Brief descriptive captions:
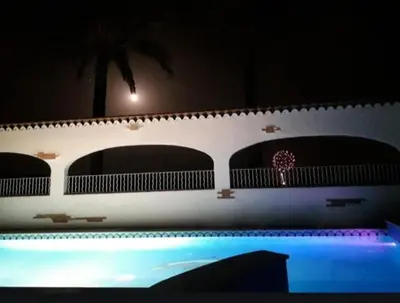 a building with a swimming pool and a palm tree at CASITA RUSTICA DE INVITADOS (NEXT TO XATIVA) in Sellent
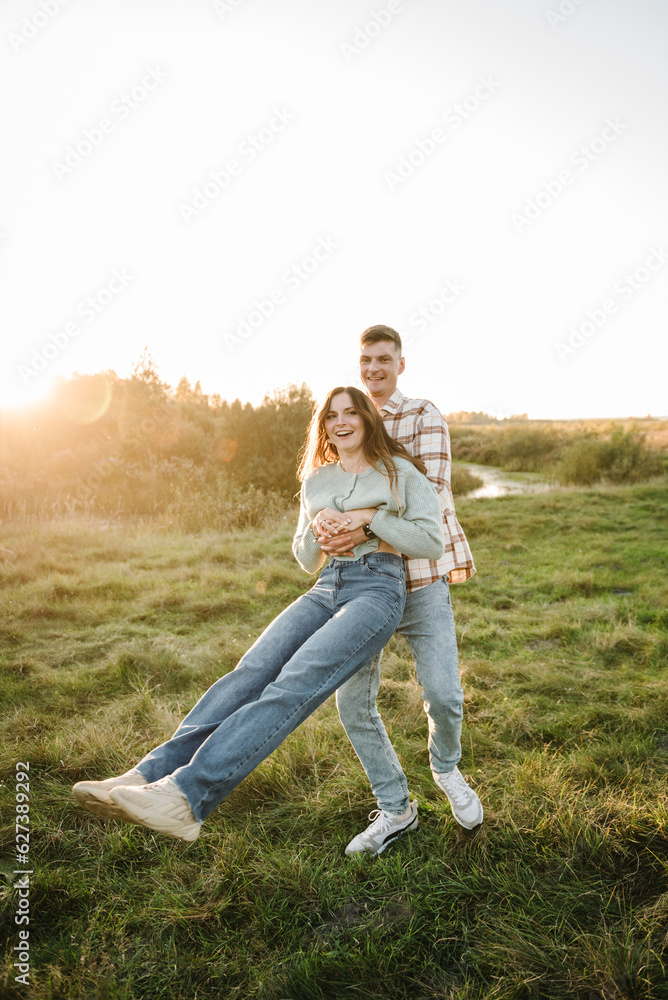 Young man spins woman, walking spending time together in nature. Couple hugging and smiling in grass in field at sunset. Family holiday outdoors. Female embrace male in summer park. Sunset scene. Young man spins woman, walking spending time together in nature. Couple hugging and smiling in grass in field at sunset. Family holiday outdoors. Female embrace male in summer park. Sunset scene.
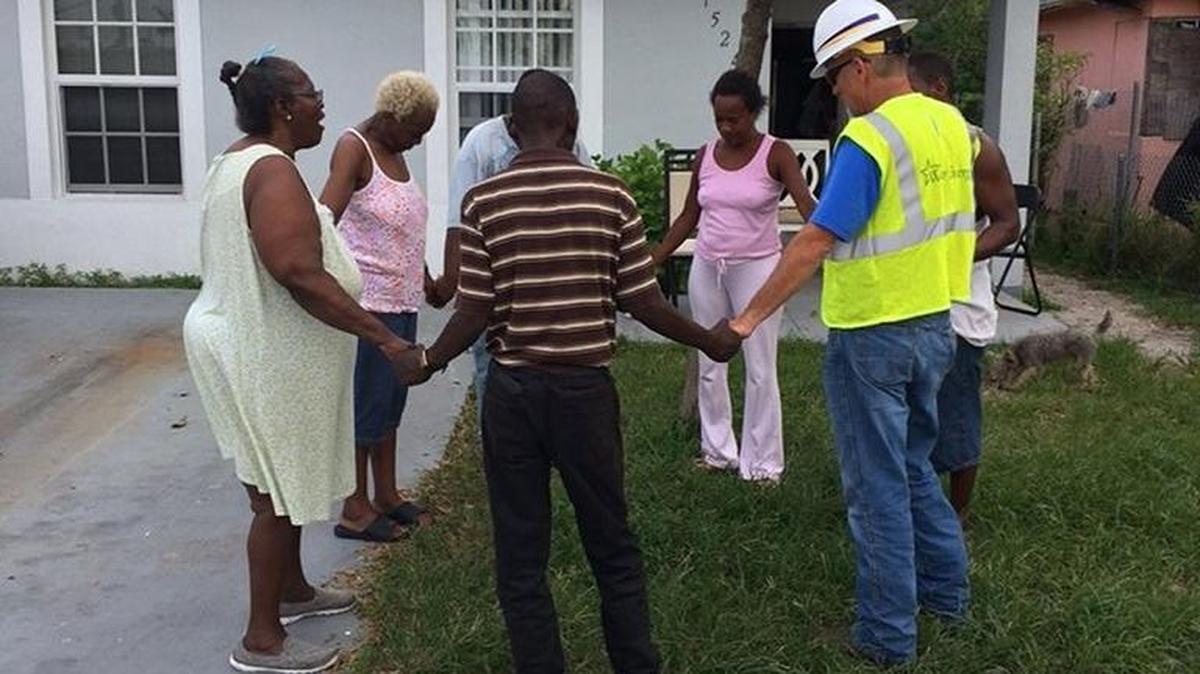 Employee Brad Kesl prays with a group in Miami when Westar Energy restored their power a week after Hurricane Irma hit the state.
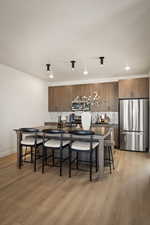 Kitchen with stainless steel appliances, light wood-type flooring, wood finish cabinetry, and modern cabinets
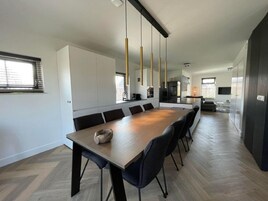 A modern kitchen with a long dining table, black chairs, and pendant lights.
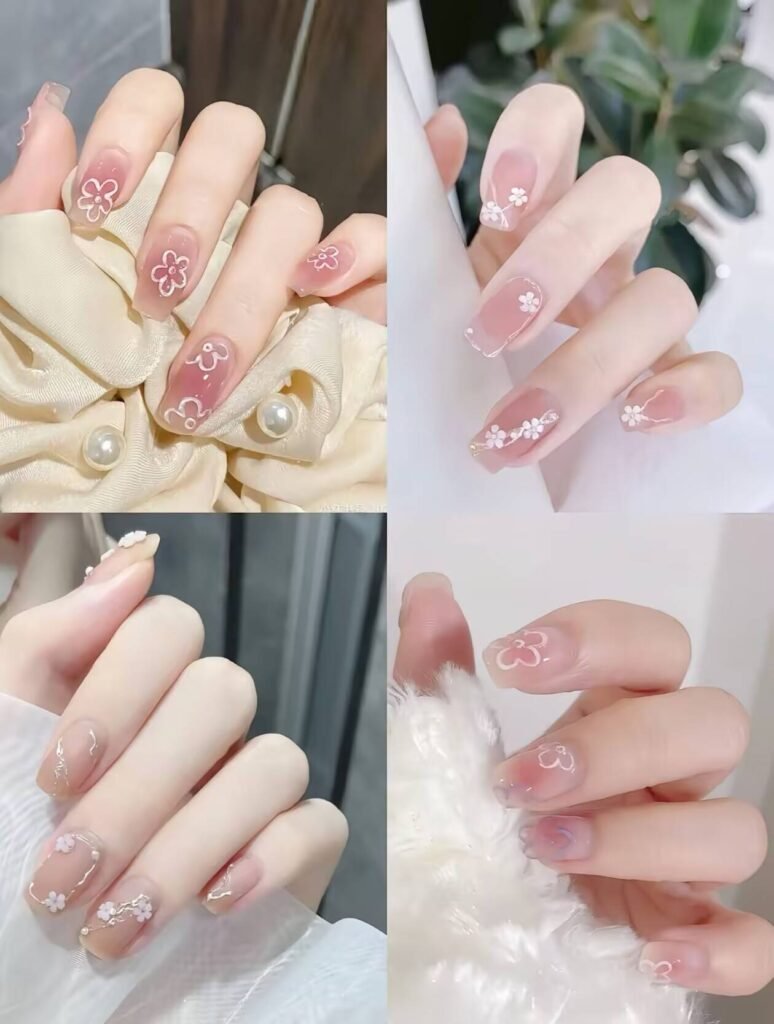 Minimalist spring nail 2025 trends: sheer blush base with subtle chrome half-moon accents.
...
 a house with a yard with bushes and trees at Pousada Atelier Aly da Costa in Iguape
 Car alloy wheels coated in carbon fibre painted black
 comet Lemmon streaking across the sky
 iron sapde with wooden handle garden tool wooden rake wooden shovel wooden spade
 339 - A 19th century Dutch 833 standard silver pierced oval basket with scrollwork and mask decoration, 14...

## ASSIGNMENT
Scan the lines above for "iron sapde with" and for "339 - A 19th". Repeat exactly the line holding each of them and every line in between.

## TASK ANSWER
 iron sapde with wooden handle garden tool wooden rake wooden shovel wooden spade
 339 - A 19th century Dutch 833 standard silver pierced oval basket with scrollwork and mask decoration, 14...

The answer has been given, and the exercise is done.